Over the course of the past century tattoos have gone from taboo to on trend. Heart((beat)) offers a sneak peak into Philly’s flourishing community of the permanently inked.
5,200 years ago, an Iceman perished somewhere around the present-day Italian-Austrian border, leaving his tattooed body frozen until its re-discovery in 1991. The intervening history of tattooed humans features individuals marked with symbols communicating everything from status, love or religious conviction, to community affiliation, protection and even punishment.
Tattoos still serve diverse purposes today. While some adorn themselves with ink for the sake of art, others carefully select deeply meaningful designs.
Purpose aside, their pervasive presence in contemporary society has gradually brought tattoos from the countercultural fringes into the mainstream. In fact, tattoos are now so commonplace that in 2013 Forbes magazine declared that having a tattoo is no longer a “kiss of death” in the workplace.
Boasting a community of more than 45 million Americans, tattoo culture is thriving, particularly in urban centers like Philadelphia and especially among the young. With greater than 38 percent of millennials (individuals born between 1980 and 2000) sporting at least one tattoo, Generation Y is the most tattooed U.S. generation on record, according to a 2010 Pew Research study.
Philadelphia is home to dozens of top-notch shops, each of which is inspected annually by the Department of Public Health to help guarantee a sanitary, safe environment for delicate adornment procedures. Additionally, every artist is required to complete a three-year apprenticeship before receiving certification to practice, which must then be renewed bi-annually.
Though such standards of professionalism help to guard consumers against irreversible mistakes, they also come with a price.

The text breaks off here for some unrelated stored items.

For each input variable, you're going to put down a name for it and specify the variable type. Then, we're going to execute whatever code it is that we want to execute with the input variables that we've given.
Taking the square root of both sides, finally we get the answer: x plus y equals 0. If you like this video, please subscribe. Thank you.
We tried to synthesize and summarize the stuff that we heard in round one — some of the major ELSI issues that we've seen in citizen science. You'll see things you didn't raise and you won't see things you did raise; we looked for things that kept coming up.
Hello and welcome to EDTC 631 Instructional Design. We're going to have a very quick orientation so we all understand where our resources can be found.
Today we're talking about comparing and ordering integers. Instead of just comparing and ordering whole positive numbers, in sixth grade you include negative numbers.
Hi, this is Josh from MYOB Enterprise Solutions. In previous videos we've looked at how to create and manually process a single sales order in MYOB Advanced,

A small tattoo from a parlor will generally cost around $50, while rates for larger pieces can be as high as hundreds of dollars per hour from an accomplished artist.
The high demand for tattoos and the availability of equipment online has led to an increasing trend of “backyard tattooing,” which entails amateur independent artists offering tattoos at significantly lower rates. “You find a lot of people who aren’t licensed who do them either out of their house or they’ll make house calls. You never want to do that,” explained 21-year old Shannon Seonia, who learned this lesson the hard way.

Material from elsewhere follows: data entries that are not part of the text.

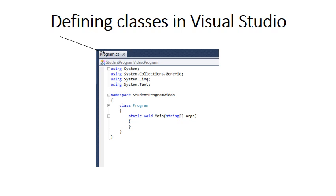In this video I want to show you the nuts and bolts of defining and declaring classes and objects in Visual Studio.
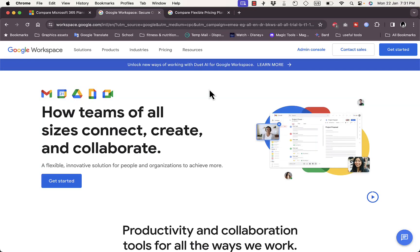What's up everyone, welcome to my channel. In this video I'm going to give you a quick comparison between the Google suite of apps — the Google Workspace — and the Microsoft suite, that's Microsoft 365.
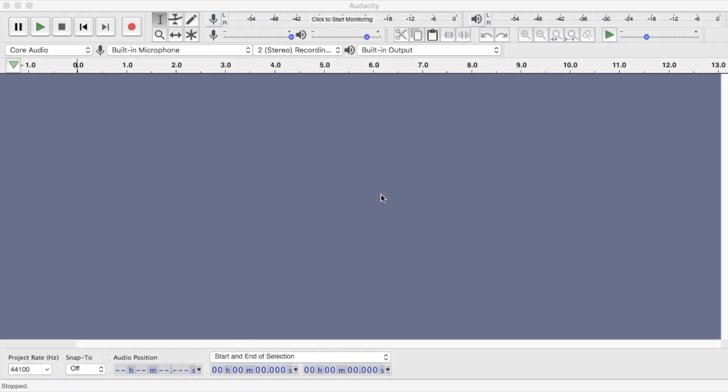Hello guys, welcome to another short video on Audacity. As you know, this is a great audio editing tool using which we can record our voice, remove background noise, cut it, edit it, amplify the volume, and a lot more things we can do using this Audacity tool.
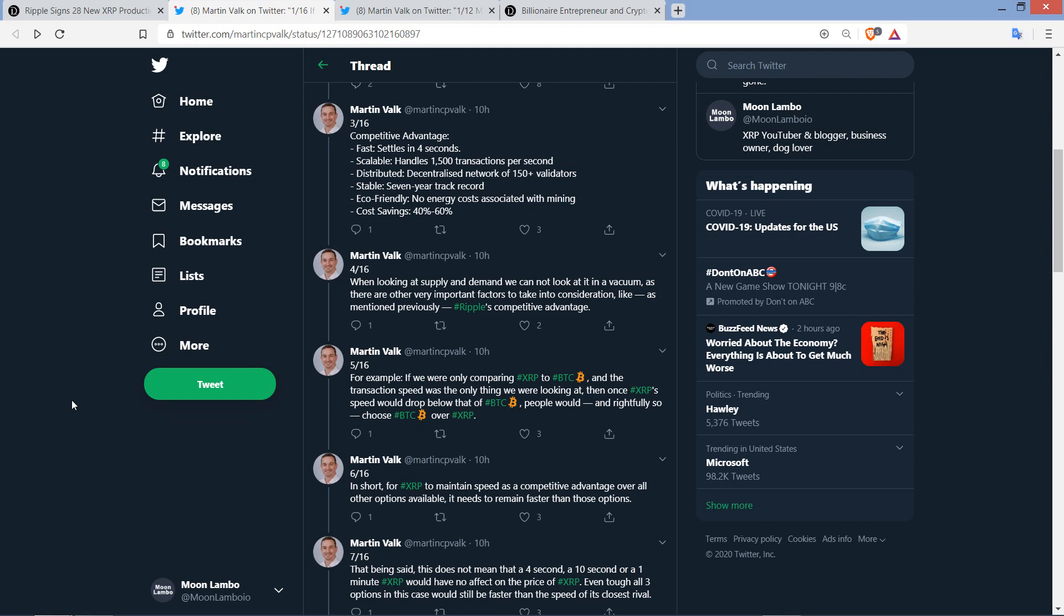And then he writes, When looking at supply and demand, we cannot look at it in a vacuum, as there are other very important factors to take into consideration, like, as mentioned previously, Ripple's competitive advantage. For example, if we were only comparing XRP to Bitcoin, and the transaction speed was the only thing we were looking at, then once XRP's speed would drop below that of Bitcoin, people would, and rightfully so, choose Bitcoin over XRP. Hold on, I've got to take a sip of water here. All right, we all good now.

Several years ago, Seonia opted for an inexpensive impulse tattoo when the service was offered to her at a party. “I’m not in love with it,” she said. “I think it’s done well [and] I won’t get it covered [but] I just regret the fact that i didn’t think about it more.” According to long-time artist at Eddie’s Tattoos in Chinatown David Steele, Seonia was fortune to only feel mild regret regarding her backyard ink. “People think going to a house and getting a $20 tattoo the size of Mt. Fuji on their ribs is awesome and then we have to go in and fix it and it never works out,” said Steele, who is regularly commissioned cover up such mistakes. “You can only polish a turd so much.”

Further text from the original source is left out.